LESIONES LEVES CALIFICADAS

El profesor de fútbol infantil Franco Sebastián Gómez fue condenado ayer como autor material y penalmente responsable del delito de lesiones leves calificadas por haber agredido a su ex pareja, en concurso real con amenazas agravadas por el uso de armas, todo ello en un contexto de violencia de género, a la pena de dos años y seis meses de prisión de ejecución condicional, en perjuicio de su ex pareja. A su vez, le impuso el cumplimiento de las diversas reglas de conducta, por el término de dos años.
Así lo detalló el juez de audiencia, Gastón Boulenaz. A Gómez se le indicó que fije residencia y se someta al cuidado del ex Patronato de Liberados; que se abstenga de usar estupefacientes y de abusar de bebidas alcohólicas; y también de mantener todo tipo de contacto personal, fijándose una distancia prudencial mínima de 200 metros; como así también por cualquier medio respecto de la víctima. La mencionada restricción alcanza al domicilio particular y también al laboral y a donde cursa sus estudios.
El magistrado también resolvió decomisar la cuchilla secuestrada y proceder a destruirla. Boulenaz señaló en su fallo, tras el juicio oral, que la teoría del caso de la defensa, ejercida por Vanesa Ranocchia Ongaro, quedó desacreditada y, en cambio, sostuvo que “se desprende que los hechos acaecieron, en las circunstancias de tiempo, modo y lugar, como lo sostuvo” la fiscal Leticia Pordomingo.

Hecho.
De esa forma, el juez dio por probado que el 5 de octubre de 2014, a las siete de la mañana, Gómez, profesor de fútbol infantil y acompañante terapéutico de niños, de 32 años, nacido en Lonquimay, se presentó en el domicilio de su ex pareja, le reprochó que se encontraba con otro hombre y la agravió. Una vez que regresó a su casa, llamó por teléfono a la mujer y ésta accedió a ir a su departamento para conversar sobre lo sucedido minutos antes.
Al llegar, Gómez la esperó afuera, “y mediante un puntapié a la altura de la cintura la hizo ingresar.
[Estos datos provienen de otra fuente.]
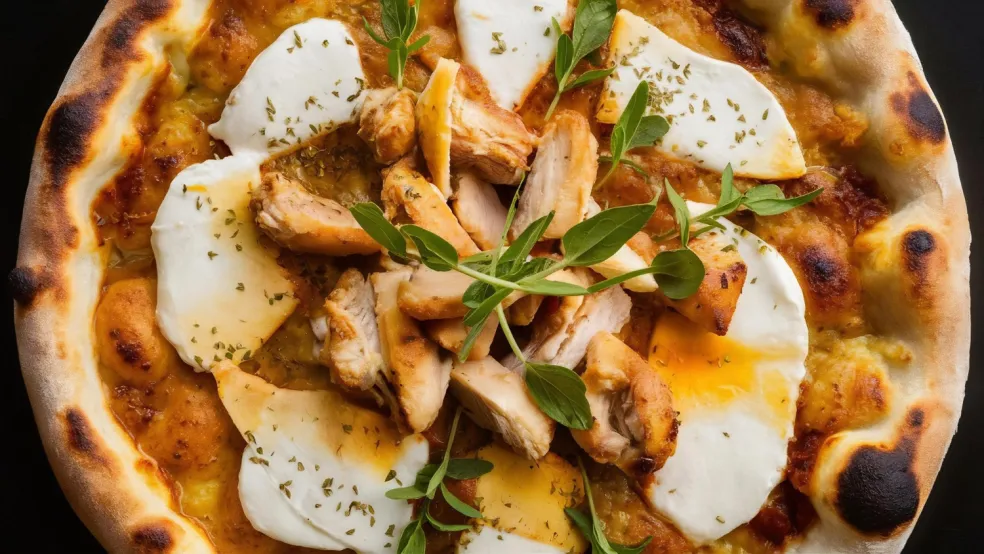 high protein pizza s kuracím mäsom a mozzarellou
Inmediatamente la agredió con un cinturón, con golpes de puño en la cara y en el cuerpo, mientras le decía que se callara y que no gritara más”.
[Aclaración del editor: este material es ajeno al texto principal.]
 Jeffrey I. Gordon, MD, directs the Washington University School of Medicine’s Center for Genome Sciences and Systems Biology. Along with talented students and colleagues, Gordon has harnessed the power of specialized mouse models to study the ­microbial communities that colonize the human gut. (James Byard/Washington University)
Posteriormente el agresor se “dirigió a la cocina, sacó una botella de agua, tomó un trago y le tiró a la víctima el resto en la cara. En ese momento, Gómez ya tenía en sus manos una cuchilla y la golpeó con la parte de la hoja; a la vez que le decía que la iba a matar, que era una puta (sic), que se callara y que no gritara”.
Inmediatamente el imputado “agarró un encendedor y le dijo que la iba a prender fuego. Luego, por unos instantes, la dejó de agredir, por lo que la mujer se sentó en la cama.
En ese momento, el acusado se colocó arriba de ella y sujetándole las manos, le puso el cuchillo en la garganta y le exigió que le dijera con quién se había acostado, mientras le manifestaba ‘no ves qué fácil es matarte'”. Posteriormente, Gómez se acostó a dormir y la damnificada logró retirarse a las 9.